§ Exercise prompt
Each line shown below should be copied exactly.

Dataset entries:
- Opening Delimiter -

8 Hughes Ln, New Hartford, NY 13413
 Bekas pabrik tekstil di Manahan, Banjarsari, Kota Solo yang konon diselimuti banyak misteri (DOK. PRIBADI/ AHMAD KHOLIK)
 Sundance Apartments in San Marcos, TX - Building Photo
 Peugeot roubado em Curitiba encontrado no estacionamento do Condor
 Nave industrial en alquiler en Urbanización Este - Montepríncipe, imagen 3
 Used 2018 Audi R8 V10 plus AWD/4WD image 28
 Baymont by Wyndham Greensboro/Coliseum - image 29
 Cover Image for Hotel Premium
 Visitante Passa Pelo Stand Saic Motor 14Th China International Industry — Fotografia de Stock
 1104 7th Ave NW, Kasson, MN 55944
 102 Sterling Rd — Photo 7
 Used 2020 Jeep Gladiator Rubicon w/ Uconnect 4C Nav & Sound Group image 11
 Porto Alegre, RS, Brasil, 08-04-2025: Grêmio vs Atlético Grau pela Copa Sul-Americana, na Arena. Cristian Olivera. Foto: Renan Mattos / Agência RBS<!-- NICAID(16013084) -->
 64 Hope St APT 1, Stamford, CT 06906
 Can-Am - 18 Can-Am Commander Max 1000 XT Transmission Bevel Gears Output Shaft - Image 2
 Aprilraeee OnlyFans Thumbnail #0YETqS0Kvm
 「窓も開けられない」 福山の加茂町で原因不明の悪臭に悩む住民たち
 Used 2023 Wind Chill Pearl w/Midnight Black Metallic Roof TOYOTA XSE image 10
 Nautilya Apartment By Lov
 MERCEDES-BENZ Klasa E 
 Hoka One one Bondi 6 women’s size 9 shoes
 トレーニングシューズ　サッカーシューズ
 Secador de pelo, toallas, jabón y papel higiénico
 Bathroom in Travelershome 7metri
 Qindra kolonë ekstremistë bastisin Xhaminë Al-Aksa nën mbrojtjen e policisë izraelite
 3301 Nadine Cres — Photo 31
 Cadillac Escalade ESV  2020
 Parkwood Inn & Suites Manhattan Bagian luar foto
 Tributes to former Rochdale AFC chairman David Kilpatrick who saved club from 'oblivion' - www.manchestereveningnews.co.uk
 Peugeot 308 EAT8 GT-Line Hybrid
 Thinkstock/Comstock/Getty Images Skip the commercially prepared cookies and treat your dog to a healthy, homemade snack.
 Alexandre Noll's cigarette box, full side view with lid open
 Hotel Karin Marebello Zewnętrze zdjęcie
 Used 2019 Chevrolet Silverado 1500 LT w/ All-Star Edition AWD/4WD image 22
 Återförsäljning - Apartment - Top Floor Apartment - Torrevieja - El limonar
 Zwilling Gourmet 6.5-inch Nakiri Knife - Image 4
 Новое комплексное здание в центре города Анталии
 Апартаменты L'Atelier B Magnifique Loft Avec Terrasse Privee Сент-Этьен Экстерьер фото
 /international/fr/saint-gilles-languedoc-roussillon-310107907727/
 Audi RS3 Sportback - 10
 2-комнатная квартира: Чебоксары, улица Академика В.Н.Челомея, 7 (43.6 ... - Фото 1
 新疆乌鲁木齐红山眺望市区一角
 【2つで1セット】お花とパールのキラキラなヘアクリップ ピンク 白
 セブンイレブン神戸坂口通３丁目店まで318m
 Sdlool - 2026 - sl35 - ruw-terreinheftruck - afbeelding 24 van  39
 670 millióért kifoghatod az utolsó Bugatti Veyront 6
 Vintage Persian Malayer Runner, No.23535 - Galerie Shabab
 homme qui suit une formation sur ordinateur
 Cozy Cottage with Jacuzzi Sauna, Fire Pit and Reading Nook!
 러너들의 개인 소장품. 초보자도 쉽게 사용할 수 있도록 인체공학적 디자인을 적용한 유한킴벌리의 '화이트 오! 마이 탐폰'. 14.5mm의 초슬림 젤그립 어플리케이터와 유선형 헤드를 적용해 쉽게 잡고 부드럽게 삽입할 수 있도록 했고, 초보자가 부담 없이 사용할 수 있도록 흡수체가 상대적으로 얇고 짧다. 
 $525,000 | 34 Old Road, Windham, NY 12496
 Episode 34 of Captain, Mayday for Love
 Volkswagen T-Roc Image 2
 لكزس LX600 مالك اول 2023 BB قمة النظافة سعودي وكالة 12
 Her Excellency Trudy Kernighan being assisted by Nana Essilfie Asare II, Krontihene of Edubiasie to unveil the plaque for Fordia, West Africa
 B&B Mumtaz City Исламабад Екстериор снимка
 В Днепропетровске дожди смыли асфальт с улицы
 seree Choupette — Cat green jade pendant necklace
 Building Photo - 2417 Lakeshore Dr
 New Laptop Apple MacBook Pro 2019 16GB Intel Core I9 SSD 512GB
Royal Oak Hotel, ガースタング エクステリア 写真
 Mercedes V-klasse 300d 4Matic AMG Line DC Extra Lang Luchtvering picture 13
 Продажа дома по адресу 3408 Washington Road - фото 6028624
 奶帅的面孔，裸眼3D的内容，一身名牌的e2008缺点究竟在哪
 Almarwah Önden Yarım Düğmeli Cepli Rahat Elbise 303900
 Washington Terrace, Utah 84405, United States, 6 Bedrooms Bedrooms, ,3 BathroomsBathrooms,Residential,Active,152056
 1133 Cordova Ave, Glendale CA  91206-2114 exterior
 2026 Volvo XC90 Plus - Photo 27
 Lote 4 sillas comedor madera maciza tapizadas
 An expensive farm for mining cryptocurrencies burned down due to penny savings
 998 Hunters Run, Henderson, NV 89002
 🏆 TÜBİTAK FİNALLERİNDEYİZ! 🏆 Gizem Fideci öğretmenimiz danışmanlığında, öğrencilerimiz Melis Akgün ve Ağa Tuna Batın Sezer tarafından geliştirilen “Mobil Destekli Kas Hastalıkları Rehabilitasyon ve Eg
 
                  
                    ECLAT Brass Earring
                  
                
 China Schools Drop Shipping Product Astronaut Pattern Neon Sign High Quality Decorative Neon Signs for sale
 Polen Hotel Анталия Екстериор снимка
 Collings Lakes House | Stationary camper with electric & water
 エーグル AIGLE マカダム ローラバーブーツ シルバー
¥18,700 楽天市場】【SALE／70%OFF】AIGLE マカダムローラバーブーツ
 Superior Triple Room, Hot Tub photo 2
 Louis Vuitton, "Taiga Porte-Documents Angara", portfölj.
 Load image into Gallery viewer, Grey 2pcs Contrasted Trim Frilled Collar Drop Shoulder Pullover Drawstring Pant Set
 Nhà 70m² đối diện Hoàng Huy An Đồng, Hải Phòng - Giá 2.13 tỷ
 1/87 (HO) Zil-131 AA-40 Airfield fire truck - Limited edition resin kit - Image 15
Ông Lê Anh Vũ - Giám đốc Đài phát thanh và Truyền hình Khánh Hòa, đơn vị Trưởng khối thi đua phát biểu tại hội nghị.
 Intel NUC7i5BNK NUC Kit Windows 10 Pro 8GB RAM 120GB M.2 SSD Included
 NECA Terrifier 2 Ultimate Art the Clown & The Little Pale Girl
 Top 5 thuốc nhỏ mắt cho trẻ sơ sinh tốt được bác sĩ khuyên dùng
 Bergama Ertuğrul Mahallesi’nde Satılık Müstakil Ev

- Closing Delimiter -

§ Solution to this task
8 Hughes Ln, New Hartford, NY 13413
 Bekas pabrik tekstil di Manahan, Banjarsari, Kota Solo yang konon diselimuti banyak misteri (DOK. PRIBADI/ AHMAD KHOLIK)
 Sundance Apartments in San Marcos, TX - Building Photo
 Peugeot roubado em Curitiba encontrado no estacionamento do Condor
 Nave industrial en alquiler en Urbanización Este - Montepríncipe, imagen 3
 Used 2018 Audi R8 V10 plus AWD/4WD image 28
 Baymont by Wyndham Greensboro/Coliseum - image 29
 Cover Image for Hotel Premium
 Visitante Passa Pelo Stand Saic Motor 14Th China International Industry — Fotografia de Stock
 1104 7th Ave NW, Kasson, MN 55944
 102 Sterling Rd — Photo 7
 Used 2020 Jeep Gladiator Rubicon w/ Uconnect 4C Nav & Sound Group image 11
 Porto Alegre, RS, Brasil, 08-04-2025: Grêmio vs Atlético Grau pela Copa Sul-Americana, na Arena. Cristian Olivera. Foto: Renan Mattos / Agência RBS<!-- NICAID(16013084) -->
 64 Hope St APT 1, Stamford, CT 06906
 Can-Am - 18 Can-Am Commander Max 1000 XT Transmission Bevel Gears Output Shaft - Image 2
 Aprilraeee OnlyFans Thumbnail #0YETqS0Kvm
 「窓も開けられない」 福山の加茂町で原因不明の悪臭に悩む住民たち
 Used 2023 Wind Chill Pearl w/Midnight Black Metallic Roof TOYOTA XSE image 10
 Nautilya Apartment By Lov
 MERCEDES-BENZ Klasa E 
 Hoka One one Bondi 6 women’s size 9 shoes
 トレーニングシューズ　サッカーシューズ
 Secador de pelo, toallas, jabón y papel higiénico
 Bathroom in Travelershome 7metri
 Qindra kolonë ekstremistë bastisin Xhaminë Al-Aksa nën mbrojtjen e policisë izraelite
 3301 Nadine Cres — Photo 31
 Cadillac Escalade ESV  2020
 Parkwood Inn & Suites Manhattan Bagian luar foto
 Tributes to former Rochdale AFC chairman David Kilpatrick who saved club from 'oblivion' - www.manchestereveningnews.co.uk
 Peugeot 308 EAT8 GT-Line Hybrid
 Thinkstock/Comstock/Getty Images Skip the commercially prepared cookies and treat your dog to a healthy, homemade snack.
 Alexandre Noll's cigarette box, full side view with lid open
 Hotel Karin Marebello Zewnętrze zdjęcie
 Used 2019 Chevrolet Silverado 1500 LT w/ All-Star Edition AWD/4WD image 22
 Återförsäljning - Apartment - Top Floor Apartment - Torrevieja - El limonar
 Zwilling Gourmet 6.5-inch Nakiri Knife - Image 4
 Новое комплексное здание в центре города Анталии
 Апартаменты L'Atelier B Magnifique Loft Avec Terrasse Privee Сент-Этьен Экстерьер фото
 /international/fr/saint-gilles-languedoc-roussillon-310107907727/
 Audi RS3 Sportback - 10
 2-комнатная квартира: Чебоксары, улица Академика В.Н.Челомея, 7 (43.6 ... - Фото 1
 新疆乌鲁木齐红山眺望市区一角
 【2つで1セット】お花とパールのキラキラなヘアクリップ ピンク 白
 セブンイレブン神戸坂口通３丁目店まで318m
 Sdlool - 2026 - sl35 - ruw-terreinheftruck - afbeelding 24 van  39
 670 millióért kifoghatod az utolsó Bugatti Veyront 6
 Vintage Persian Malayer Runner, No.23535 - Galerie Shabab
 homme qui suit une formation sur ordinateur
 Cozy Cottage with Jacuzzi Sauna, Fire Pit and Reading Nook!
 러너들의 개인 소장품. 초보자도 쉽게 사용할 수 있도록 인체공학적 디자인을 적용한 유한킴벌리의 '화이트 오! 마이 탐폰'. 14.5mm의 초슬림 젤그립 어플리케이터와 유선형 헤드를 적용해 쉽게 잡고 부드럽게 삽입할 수 있도록 했고, 초보자가 부담 없이 사용할 수 있도록 흡수체가 상대적으로 얇고 짧다. 
 $525,000 | 34 Old Road, Windham, NY 12496
 Episode 34 of Captain, Mayday for Love
 Volkswagen T-Roc Image 2
 لكزس LX600 مالك اول 2023 BB قمة النظافة سعودي وكالة 12
 Her Excellency Trudy Kernighan being assisted by Nana Essilfie Asare II, Krontihene of Edubiasie to unveil the plaque for Fordia, West Africa
 B&B Mumtaz City Исламабад Екстериор снимка
 В Днепропетровске дожди смыли асфальт с улицы
 seree Choupette — Cat green jade pendant necklace
 Building Photo - 2417 Lakeshore Dr
 New Laptop Apple MacBook Pro 2019 16GB Intel Core I9 SSD 512GB
Royal Oak Hotel, ガースタング エクステリア 写真
 Mercedes V-klasse 300d 4Matic AMG Line DC Extra Lang Luchtvering picture 13
 Продажа дома по адресу 3408 Washington Road - фото 6028624
 奶帅的面孔，裸眼3D的内容，一身名牌的e2008缺点究竟在哪
 Almarwah Önden Yarım Düğmeli Cepli Rahat Elbise 303900
 Washington Terrace, Utah 84405, United States, 6 Bedrooms Bedrooms, ,3 BathroomsBathrooms,Residential,Active,152056
 1133 Cordova Ave, Glendale CA  91206-2114 exterior
 2026 Volvo XC90 Plus - Photo 27
 Lote 4 sillas comedor madera maciza tapizadas
 An expensive farm for mining cryptocurrencies burned down due to penny savings
 998 Hunters Run, Henderson, NV 89002
 🏆 TÜBİTAK FİNALLERİNDEYİZ! 🏆 Gizem Fideci öğretmenimiz danışmanlığında, öğrencilerimiz Melis Akgün ve Ağa Tuna Batın Sezer tarafından geliştirilen “Mobil Destekli Kas Hastalıkları Rehabilitasyon ve Eg
 
                  
                    ECLAT Brass Earring
                  
                
 China Schools Drop Shipping Product Astronaut Pattern Neon Sign High Quality Decorative Neon Signs for sale
 Polen Hotel Анталия Екстериор снимка
 Collings Lakes House | Stationary camper with electric & water
 エーグル AIGLE マカダム ローラバーブーツ シルバー
¥18,700 楽天市場】【SALE／70%OFF】AIGLE マカダムローラバーブーツ
 Superior Triple Room, Hot Tub photo 2
 Louis Vuitton, "Taiga Porte-Documents Angara", portfölj.
 Load image into Gallery viewer, Grey 2pcs Contrasted Trim Frilled Collar Drop Shoulder Pullover Drawstring Pant Set
 Nhà 70m² đối diện Hoàng Huy An Đồng, Hải Phòng - Giá 2.13 tỷ
 1/87 (HO) Zil-131 AA-40 Airfield fire truck - Limited edition resin kit - Image 15
Ông Lê Anh Vũ - Giám đốc Đài phát thanh và Truyền hình Khánh Hòa, đơn vị Trưởng khối thi đua phát biểu tại hội nghị.
 Intel NUC7i5BNK NUC Kit Windows 10 Pro 8GB RAM 120GB M.2 SSD Included
 NECA Terrifier 2 Ultimate Art the Clown & The Little Pale Girl
 Top 5 thuốc nhỏ mắt cho trẻ sơ sinh tốt được bác sĩ khuyên dùng
 Bergama Ertuğrul Mahallesi’nde Satılık Müstakil Ev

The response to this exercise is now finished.